Here are a few benefits of landing an internship between opening that acceptance letter and packing up for move-in day.
High schools often give credit for internships.
Oftentimes, high schools will allow upperclassmen to replace an academic course with a part-time internship. This gives students the opportunity to benefit from an internship without worrying about fitting it into their academic and extracurricular schedules. High school schedules are packed tight. Receiving credit for an internship can ensure that students maintain a healthy balance between education and work experience. Every school’s policy is different, but it’s worth a conversation with your academic counselor to learn more.
Experience in a work environment will build important skills needed for college courses.
College courses are different from high school courses in that good grades aren’t the only measure of success. Soft skills are required in the classroom and are often a portion of the professor’s grading system. Communicating with professors and other students, working collaboratively, resolving conflicts, taking leadership roles, and thinking creatively and adaptively are just some of the important skills that college students need to succeed. Internships are a great place to build soft skills and minimize the intimidation of new classroom experiences.
It will prepare you for future jobs and internships.
Think of an internship as an advanced round of practice for future work experiences. Not only does an internship prepare students for their future positions in the workforce, it acts as practice for the application and interview process.
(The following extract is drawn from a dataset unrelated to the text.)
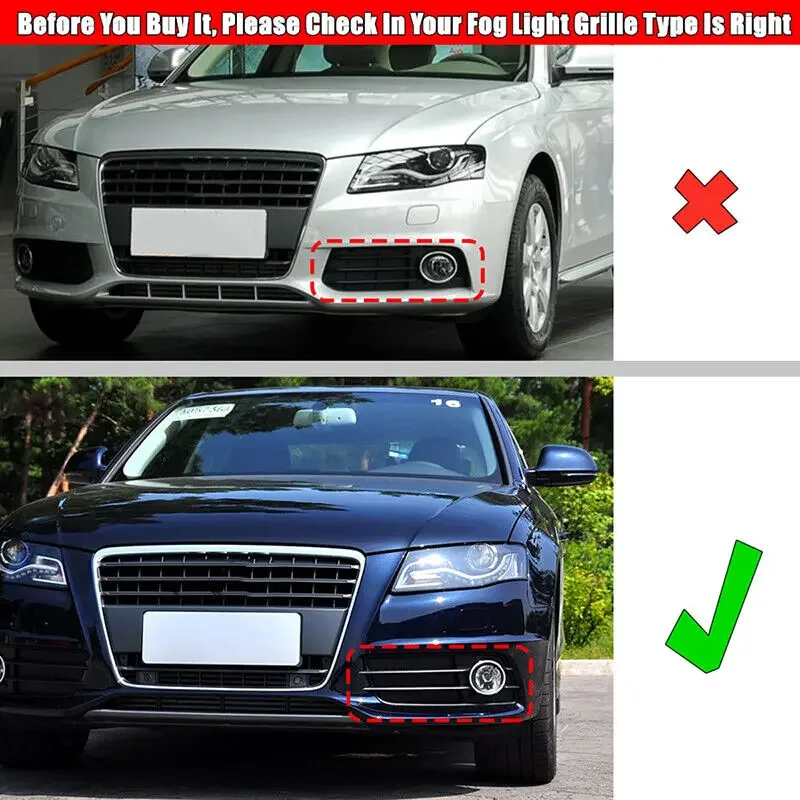 MAGICKIT ل 2008-2012 أودي A4 B8 S-Line S4 العسل الضباب ضوء مصباح يغطي مصبغة شبكة لمعان الأسود اكسسوارات السيارات #2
Soft skills, writing skills, organization skills, and appropriate communication skills are all needed when writing an appealing resume, applying for jobs, and succeeding in an interview.
Students with experience make a lasting impression and gain job security
Early internships pave the way for future internships that lead to a first job. When seeking full-time employment, college graduates with internship experience stand out, and getting experience early in the game not only builds a resume but is impressive to employers. Employers want to hire candidates who show determination, have proven they can take initiative, and have built the skills necessary to succeed in a chosen career field. Graduates who have interned with an organization are often the first considered for full-time employment. According to the National Association of Colleges and Employers’ 2021 report, between 70-80% of interns are offered a full-time position at their employer, and the five-year retention rate for those interns is about 44%.
So while you may be tempted to take time off before college starts, consider dedicating a few months of your time to learn skills that will make college a little easier and give you a jump start on valuable career-readiness skills.